DOI: 10.1044/2024_jslhr-23-00707 ISSN: 1092-4388

Exploring Online Communication in Self-Identified Autistic Adolescents

Morgan Oates, Rebecca McCauley, Allison Bean
  • Speech and Hearing
  • Linguistics and Language
  • Language and Linguistics


Social media sites provide autistic youth a familiar space to interact that is devoid of many of the challenges that accompany face-to-face interactions. As such, it is important to determine whether the linguistic profiles observed during online interactions are consistent with face-to-face interactions. This preliminary study took a step in this direction by examining gender differences observed in autistic adolescents in an online forum to determine whether they are consistent with the emerging body of research investigating linguistic gender differences in autistic adolescents.


We analyzed the entries of self-identified autistic adolescents in an online forum to determine whether autistic girls ( n = 99) and boys ( n = 94) differ in their use of linguistic features as a proportion of total words produced. Transcriptions were coded across discourse, lexical, and semantic features and compared to previous research investigating linguistic gender differences in autistic people. Exploratory comparisons were also made to linguistic gender differences in neurotypical people.

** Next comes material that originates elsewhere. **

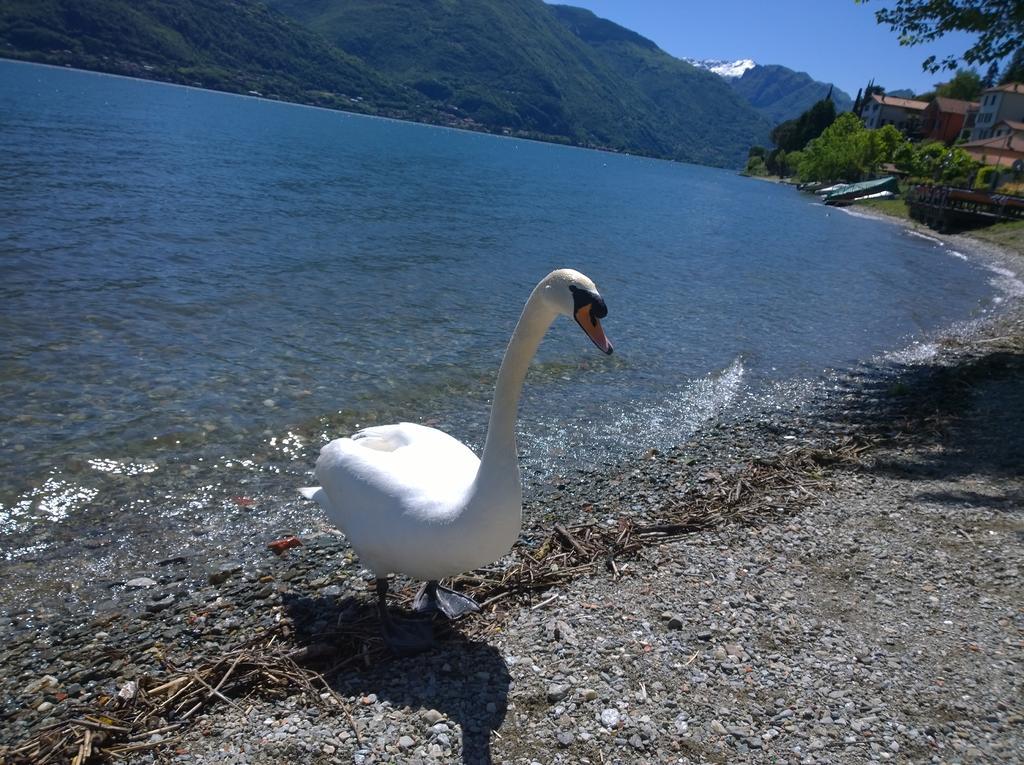 Venanzio! Apartment Pianello Del Lario ภายนอก รูปภาพ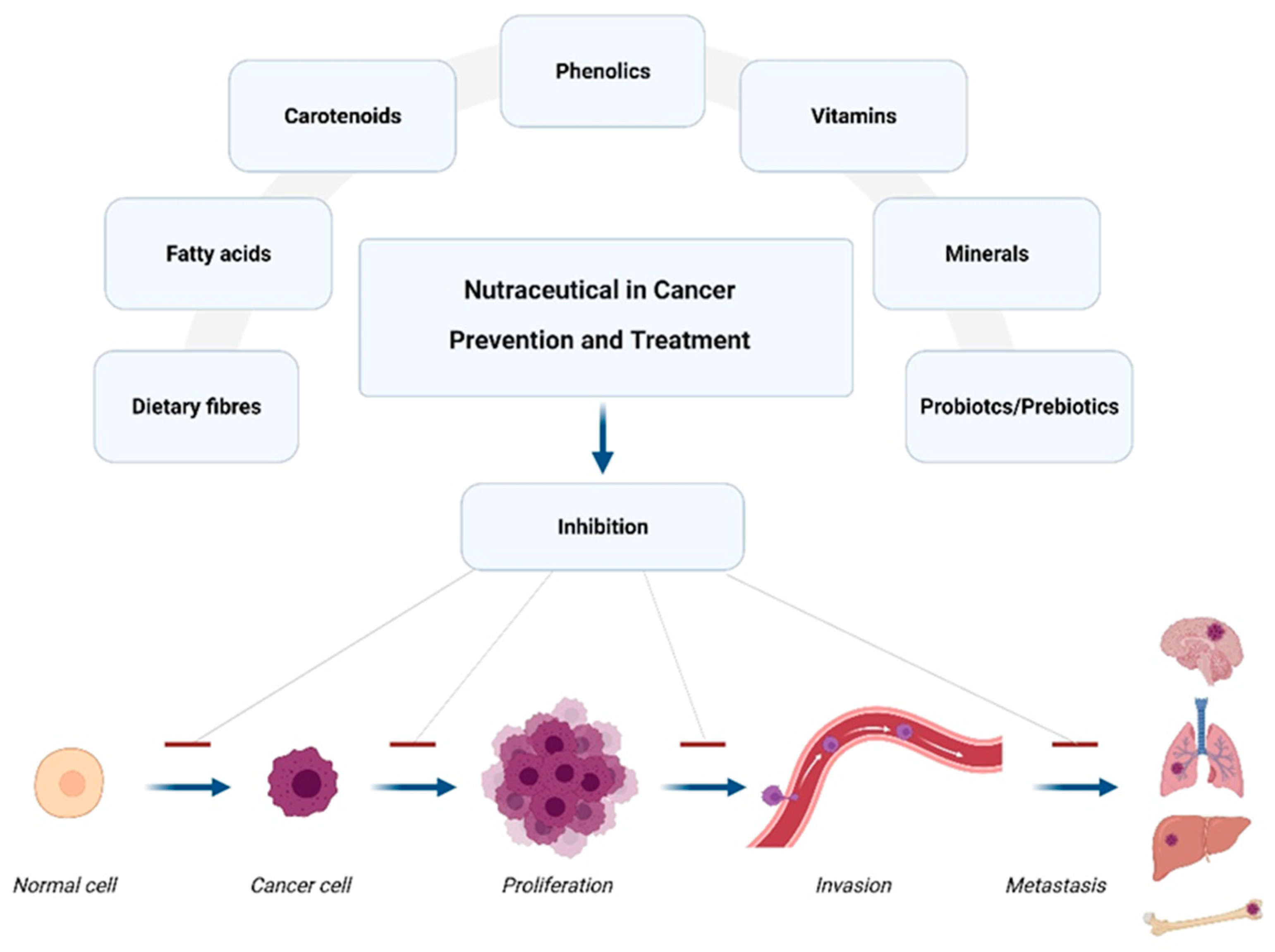 Antioxidants 12 00704 g002 Antioxidants 12 00704 g002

Of the linguistic features we examined, three out of four of the gendered usage patterns observed in the online forum language samples were consistent with previous research on face-to-face communication for autistic adolescents. Only one feature out of 12 occurred in the same gender distribution as previous research on neurotypical communication.


Autistic girls and boys demonstrate largely consistent gender differences in their language use across in-person and online communication contexts. Interestingly, most of the significant gender differences previously reported in neurotypical communicators were not seen in this sample of autistic adolescents, suggesting that perhaps autistic individuals may linguistically express gender characteristics to a different extent or in a different manner than neurotypical individuals.